[[ STORED DATA open ]]

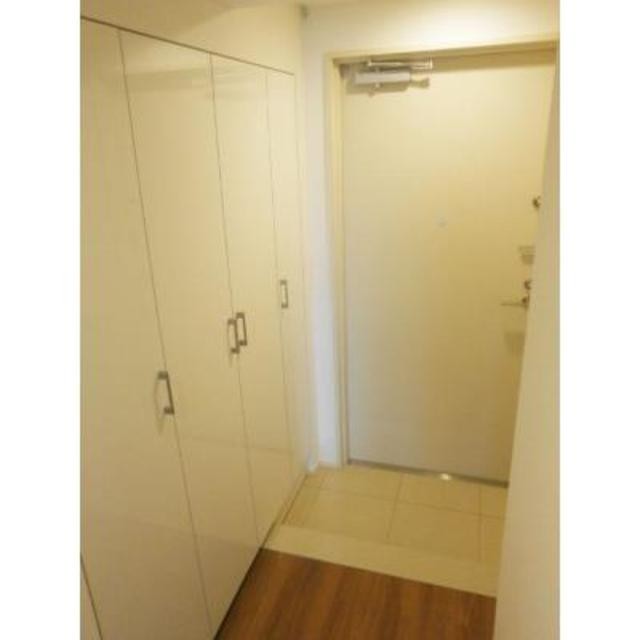 ※写真は同タイプ住戸です。(玄関)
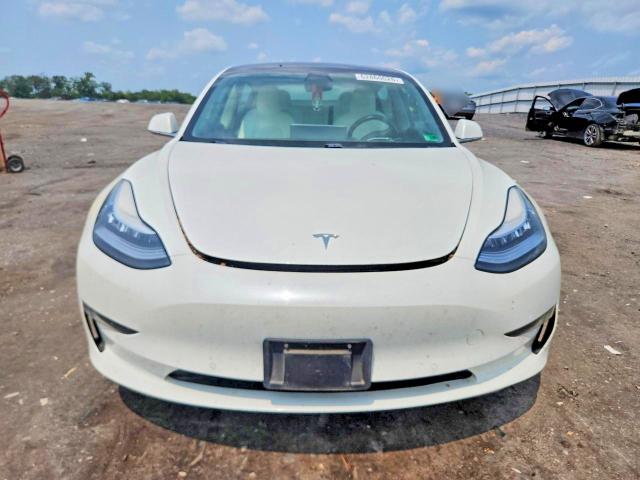 Photo 5 from auction – 2019 TESLA MODEL 3 with VIN 5YJ3E1EA4KF413243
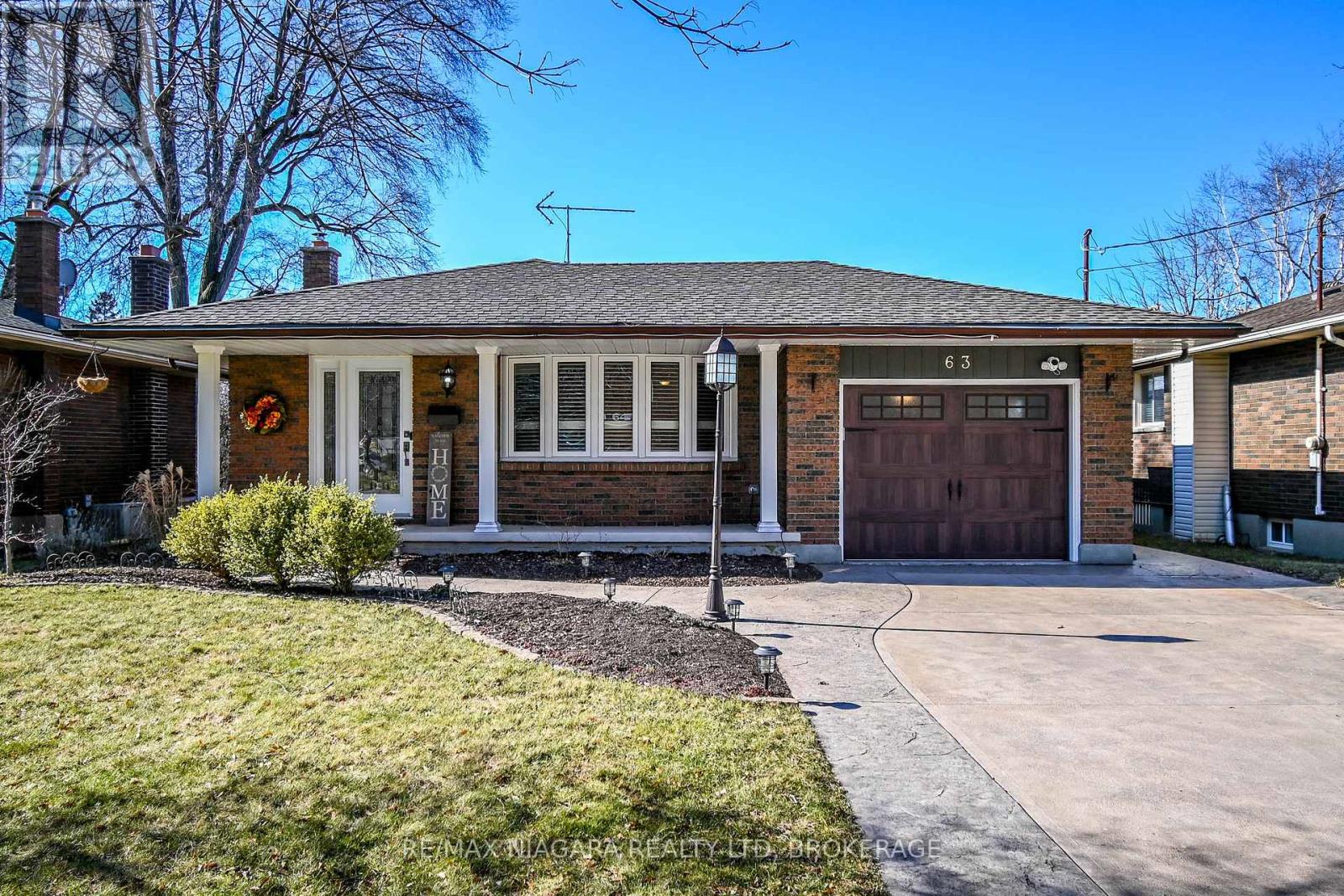 Detached at 63 WINDWARD STREET, St. Catharines (Carlton/Bunting)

[[ STORED DATA closed ]]

TASK DIRECTIONS: Transcribe all the lines above exactly; any image among them is skipped.

RESPONSE:
 ※写真は同タイプ住戸です。(玄関)
 Photo 5 from auction – 2019 TESLA MODEL 3 with VIN 5YJ3E1EA4KF413243
 Detached at 63 WINDWARD STREET, St. Catharines (Carlton/Bunting)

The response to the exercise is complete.